* What you need to do *
You are asked to reproduce the listing exactly and to omit its pictures.

* Source information *
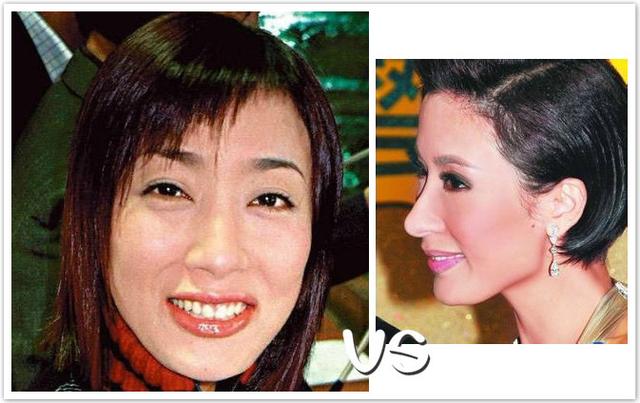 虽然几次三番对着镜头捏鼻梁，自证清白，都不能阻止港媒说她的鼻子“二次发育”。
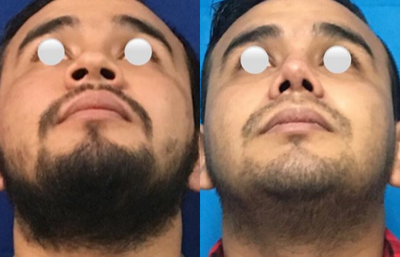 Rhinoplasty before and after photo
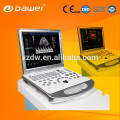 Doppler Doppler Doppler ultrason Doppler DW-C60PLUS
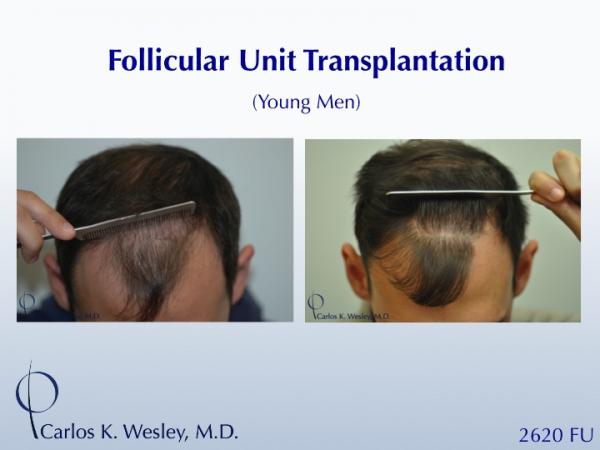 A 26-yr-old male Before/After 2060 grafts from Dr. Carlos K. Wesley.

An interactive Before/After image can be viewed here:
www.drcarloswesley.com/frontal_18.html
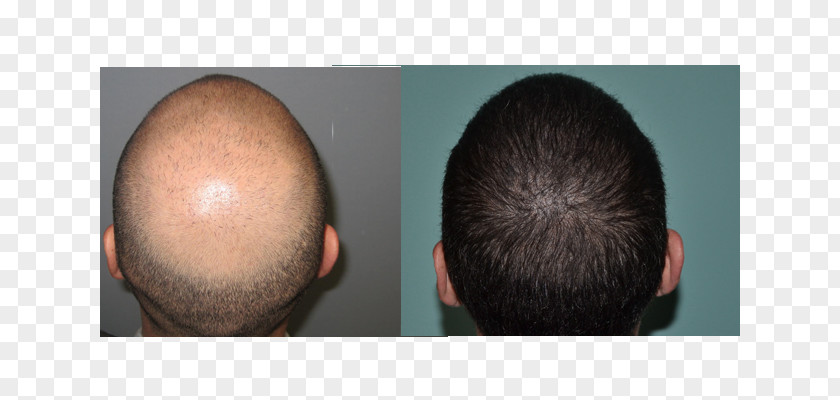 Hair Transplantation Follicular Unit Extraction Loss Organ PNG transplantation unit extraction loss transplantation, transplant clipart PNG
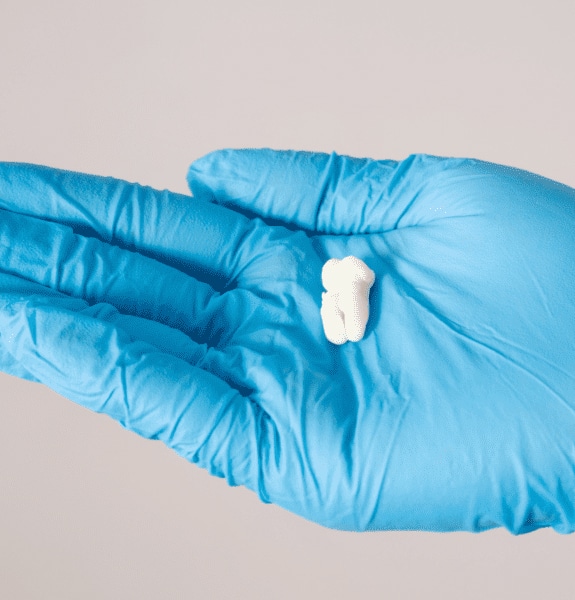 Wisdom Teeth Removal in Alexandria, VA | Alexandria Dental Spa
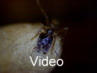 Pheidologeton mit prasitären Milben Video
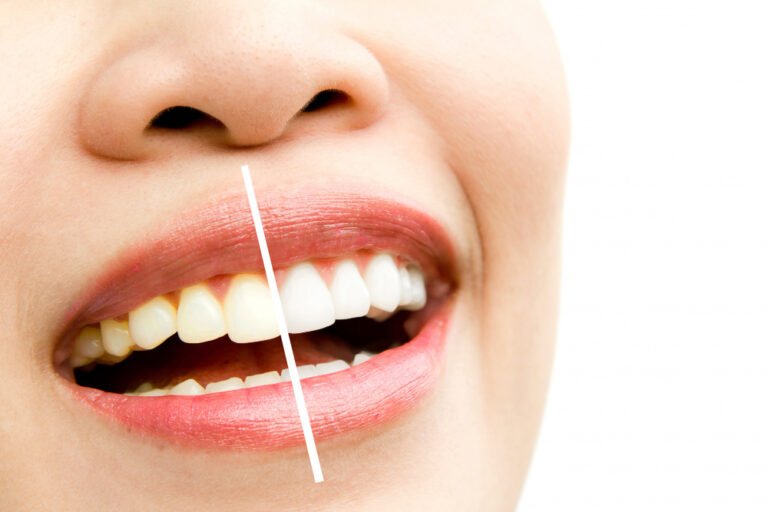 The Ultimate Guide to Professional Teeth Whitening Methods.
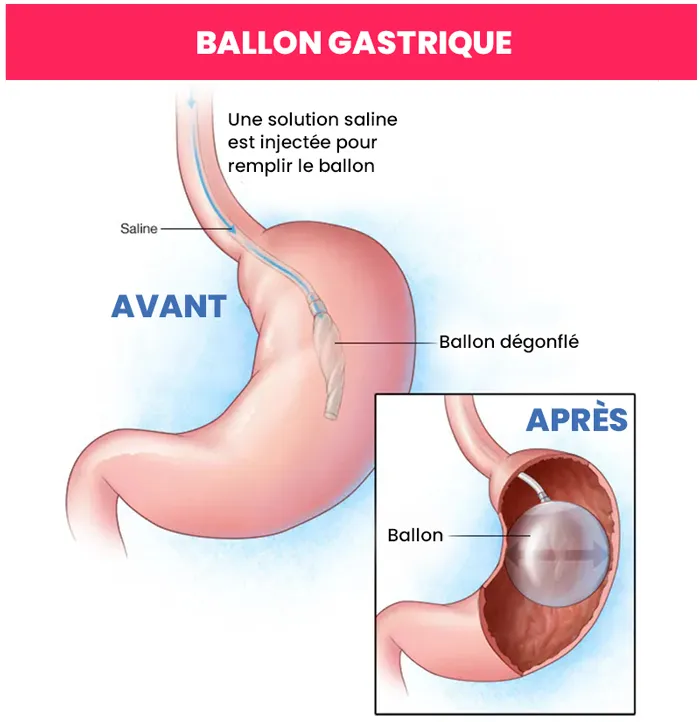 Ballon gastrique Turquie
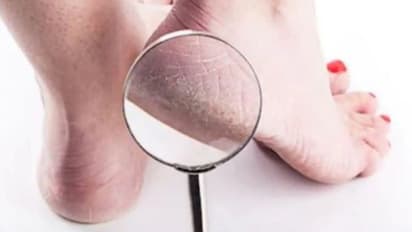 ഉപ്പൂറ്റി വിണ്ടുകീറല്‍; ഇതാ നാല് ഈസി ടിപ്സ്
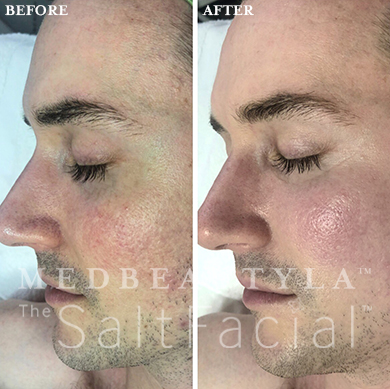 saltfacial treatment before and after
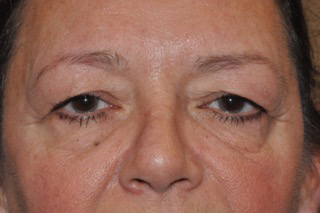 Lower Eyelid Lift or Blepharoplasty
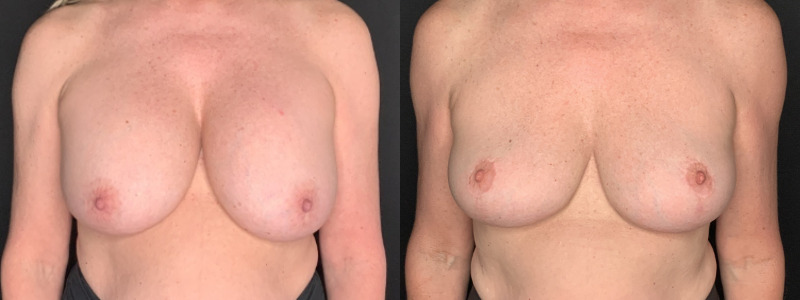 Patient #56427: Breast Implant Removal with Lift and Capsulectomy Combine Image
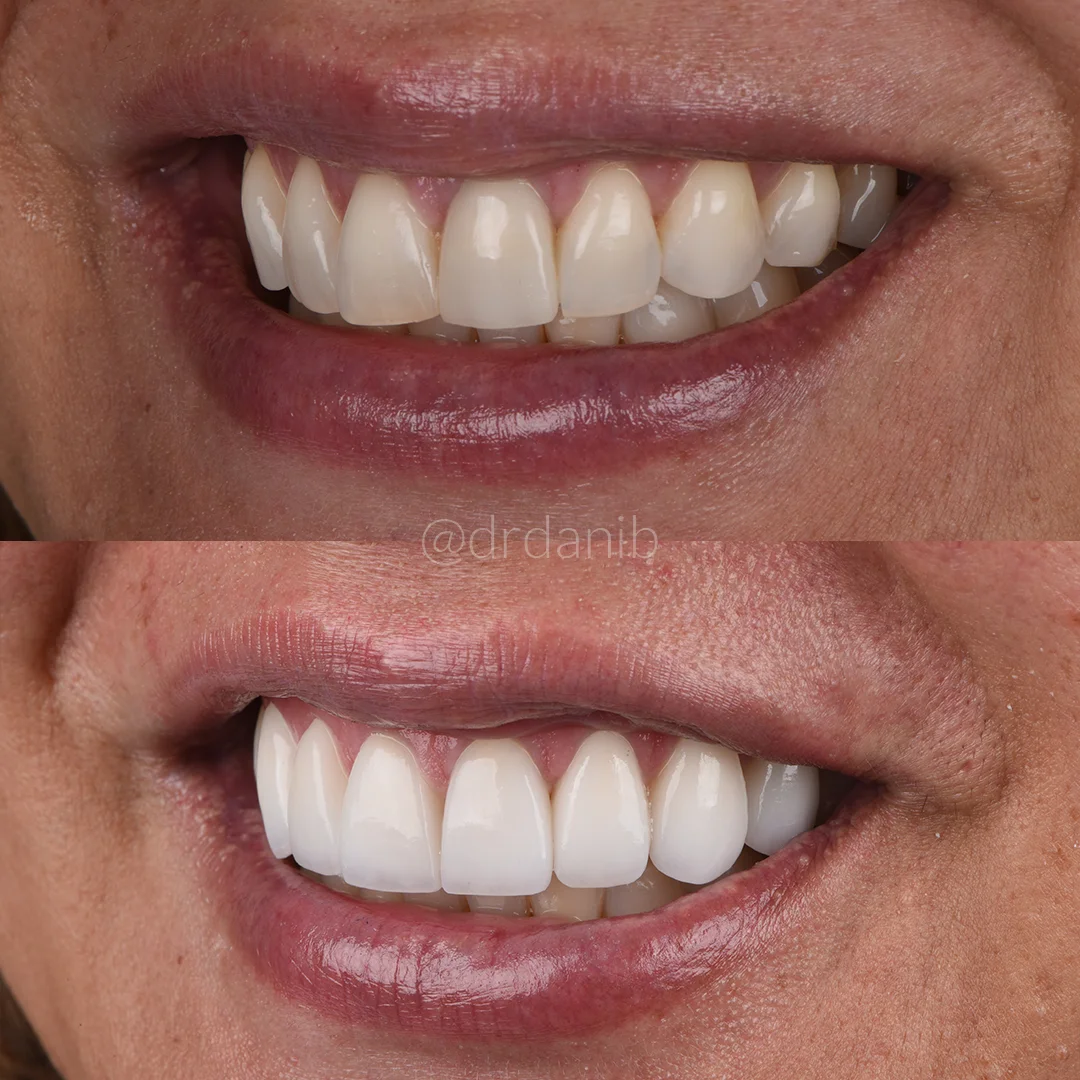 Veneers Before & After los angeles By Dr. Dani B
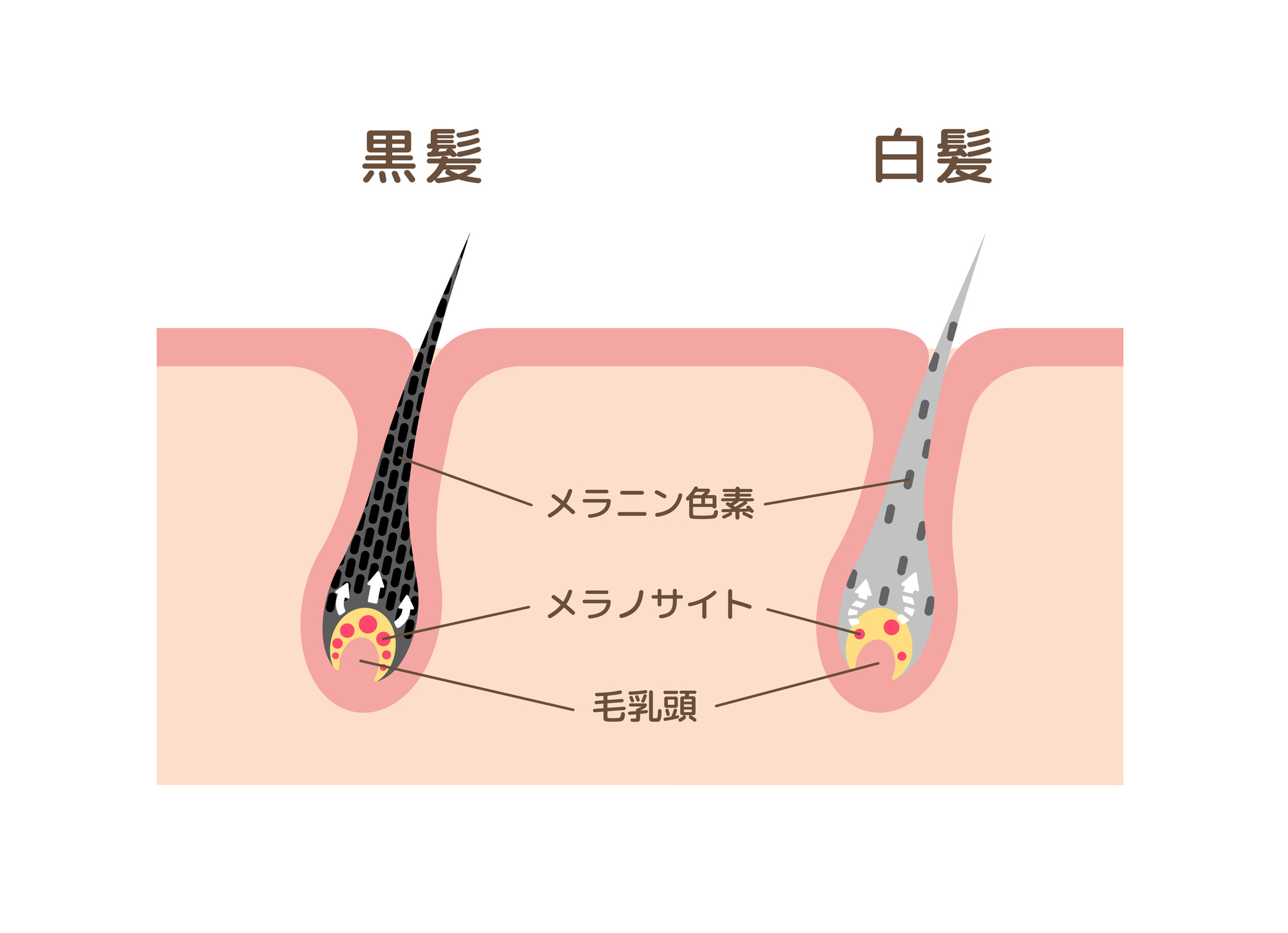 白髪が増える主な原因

* Result of this exercise *
 虽然几次三番对着镜头捏鼻梁，自证清白，都不能阻止港媒说她的鼻子“二次发育”。
 Rhinoplasty before and after photo
 Doppler Doppler Doppler ultrason Doppler DW-C60PLUS
 A 26-yr-old male Before/After 2060 grafts from Dr. Carlos K. Wesley.

An interactive Before/After image can be viewed here:
www.drcarloswesley.com/frontal_18.html
 Hair Transplantation Follicular Unit Extraction Loss Organ PNG transplantation unit extraction loss transplantation, transplant clipart PNG
 Wisdom Teeth Removal in Alexandria, VA | Alexandria Dental Spa
 Pheidologeton mit prasitären Milben Video
 The Ultimate Guide to Professional Teeth Whitening Methods.
 Ballon gastrique Turquie
 ഉപ്പൂറ്റി വിണ്ടുകീറല്‍; ഇതാ നാല് ഈസി ടിപ്സ്
 saltfacial treatment before and after
 Lower Eyelid Lift or Blepharoplasty
 Patient #56427: Breast Implant Removal with Lift and Capsulectomy Combine Image
 Veneers Before & After los angeles By Dr. Dani B
 白髪が増える主な原因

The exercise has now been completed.